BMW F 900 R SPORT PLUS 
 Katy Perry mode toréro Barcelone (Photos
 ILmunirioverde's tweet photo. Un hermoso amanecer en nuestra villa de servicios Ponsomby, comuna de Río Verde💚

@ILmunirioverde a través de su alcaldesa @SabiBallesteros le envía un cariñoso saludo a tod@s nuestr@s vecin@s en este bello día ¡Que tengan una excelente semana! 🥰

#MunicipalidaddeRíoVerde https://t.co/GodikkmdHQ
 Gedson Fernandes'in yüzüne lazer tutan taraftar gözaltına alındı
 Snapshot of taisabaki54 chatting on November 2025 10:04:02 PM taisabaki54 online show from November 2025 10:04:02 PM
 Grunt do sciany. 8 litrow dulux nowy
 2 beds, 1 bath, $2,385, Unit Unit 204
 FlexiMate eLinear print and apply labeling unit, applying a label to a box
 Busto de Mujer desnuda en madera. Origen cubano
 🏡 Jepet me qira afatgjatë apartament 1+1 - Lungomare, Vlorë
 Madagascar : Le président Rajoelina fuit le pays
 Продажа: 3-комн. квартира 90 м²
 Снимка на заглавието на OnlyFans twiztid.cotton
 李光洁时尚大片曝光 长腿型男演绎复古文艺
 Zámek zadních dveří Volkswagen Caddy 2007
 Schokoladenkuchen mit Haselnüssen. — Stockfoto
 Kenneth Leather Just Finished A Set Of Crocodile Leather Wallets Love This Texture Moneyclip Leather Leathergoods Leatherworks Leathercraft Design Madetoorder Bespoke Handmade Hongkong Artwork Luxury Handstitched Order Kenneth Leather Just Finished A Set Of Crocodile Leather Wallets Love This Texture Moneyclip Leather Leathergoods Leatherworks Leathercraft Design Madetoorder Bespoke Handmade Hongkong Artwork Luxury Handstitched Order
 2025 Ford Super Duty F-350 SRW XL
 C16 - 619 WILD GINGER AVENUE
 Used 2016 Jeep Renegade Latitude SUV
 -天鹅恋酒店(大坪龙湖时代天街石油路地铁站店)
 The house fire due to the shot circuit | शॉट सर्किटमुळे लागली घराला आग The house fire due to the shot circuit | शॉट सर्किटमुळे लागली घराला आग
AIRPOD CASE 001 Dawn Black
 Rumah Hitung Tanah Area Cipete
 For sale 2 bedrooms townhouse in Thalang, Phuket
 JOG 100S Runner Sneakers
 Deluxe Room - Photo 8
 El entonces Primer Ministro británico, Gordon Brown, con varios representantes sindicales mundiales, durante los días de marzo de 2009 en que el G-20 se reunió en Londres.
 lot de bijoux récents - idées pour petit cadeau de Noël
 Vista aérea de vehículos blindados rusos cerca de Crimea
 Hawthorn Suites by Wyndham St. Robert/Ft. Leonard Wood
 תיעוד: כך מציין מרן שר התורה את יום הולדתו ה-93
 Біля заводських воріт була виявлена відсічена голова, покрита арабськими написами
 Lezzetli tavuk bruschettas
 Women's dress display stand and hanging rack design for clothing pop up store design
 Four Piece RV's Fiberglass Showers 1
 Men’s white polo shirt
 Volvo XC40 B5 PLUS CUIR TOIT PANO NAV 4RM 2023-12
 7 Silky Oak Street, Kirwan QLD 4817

+++

# [Required action]
Looking at the records above, please work out how many lines contain "PLUS" and state only that number.

# [Answer space]
2